EXAMEN DES ARTICLES

Article unique

Renforcement du rôle des maires dans les commissions d'attribution
des logements sociaux

Cet article vise à renforcer le rôle des maires dans les commissions d'attribution des logements et d'examen de l'occupation des logements sociaux (CALEOL) en augmentant le nombre de représentants de la commune et en confiant la présidence de ces commissions aux maires.

La commission a adopté un amendement (COM1) supprimant l'accroissement du nombre des représentants de la commune et la voix prépondérante du maire, mais créant un droit de veto en sa faveur et généralisant la délégation du contingent de l'État au maire lors de la première attribution d'un programme neuf.

I. La situation actuelle - Le maire au centre du développement du logement social, mais marginalisé dans les attributions

A. Les responsabilités particulières du maire dans le développement du logement social

1) Les responsabilités éminentes du maire

Les maires ont une responsabilité éminente en matière de développement du logement social puisqu'il leur revient de prendre trois décisions clefs : accorder le permis de construire, apporter un terrain ou un financement et garantir des emprunts.

Cette responsabilité est d'ailleurs reconnue négativement par la « loi SRU » qui prévoit des sanctions importantes contre les maires qui ne respectent pas leurs obligations en la manière et dont la commune ne compte pas assez de logements sociaux.

Plus généralement, les maires sont responsables de la qualité de vie et du bien vivre ensemble des habitants de leur commune. Ils définissent les politiques de l'habitat et ce sont eux qui bien souvent reçoivent en premier les demandes et doléances de leurs habitants en matière de logement.

2) La gouvernance intercommunale de la politique du logement

Toutefois, dès 2014, la loi ALUR, complétée depuis, a souhaité positionner l'échelon intercommunal comme chef de file, car c'est lui qui dispose d'une vision large du bassin de vie, de travail et donc d'habitat.

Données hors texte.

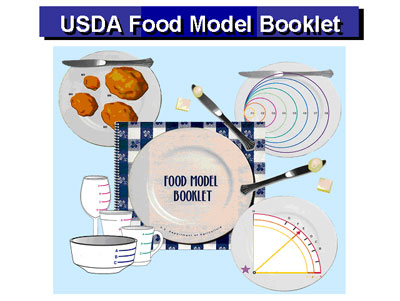 food model booklet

Les EPCI doivent déployer une série d'outils que sont :

- le programme local de l'habitat (PLH), qui est un document stratégique déclinant sur six ans les réponses locales aux besoins d'habitat ;

- la conférence intercommunale du logement (CIL), instance de gouvernance de cette politique, qui doit notamment définir les orientations de la politique d'attribution, les objectifs en termes de mixité sociale ou de relogement des publics prioritaires bénéficiant notamment du droit au logement opposable (DALO) ;

- les orientations définies par la CIL sont mises en oeuvre via une convention intercommunale d'attribution (CIA) qui comporte les engagements précis annuels et quantifiés des bailleurs et de leurs partenaires locaux ;

- le guichet enregistreur de la demande de logement social si l'EPCI le souhaite ;

- le plan partenarial de gestion de la demande de logement social et d'information des demandeurs (PPGDID), document qui prévoit notamment les modalités de cotation des demandes et un dispositif de qualification du parc social et de son habitation (article L. 441-2-8 du CCH).

B. Des maires marginalisés malgré plusieurs dispositions correctives

1) Plusieurs dispositions ont été prises pour donner des marges de manoeuvre aux maires

Plusieurs dispositions partielles sont venues conforter les prérogatives des maires en matière d'attribution au regard de leur rôle clef dans le développement du parc, mais, il est vrai, sans y parvenir de manière complètement satisfaisante.

On peut citer notamment :

- Un droit de réservation de 20 % des logements dès lors qu'ils apportent une garantie d'emprunt, droit qui peut être majoré en cas d'apport de terrains et de financements (articles R. 441-5-3 et R. 441-5-4 du CCH) ;

- Dans un quartier prioritaire de la politique de la ville (QPV), lorsque l'attribution d'un logement à un candidat proposé par un réservataire a échoué, le logement est mis à la disposition du maire pour qu'il désigne des candidats (article L. 441-1 du CCH) ;

- Dans ces mêmes quartiers, à la demande du maire, peut être créée une commission chargée de désigner d'un commun accord les candidats pour l'attribution des logements disponibles (article L. 441-1-5 du CCH) ;

- Enfin, le maire peut être entendu à sa demande par le conseil d'administration du bailleur (article L. 441-2-4 du CCH).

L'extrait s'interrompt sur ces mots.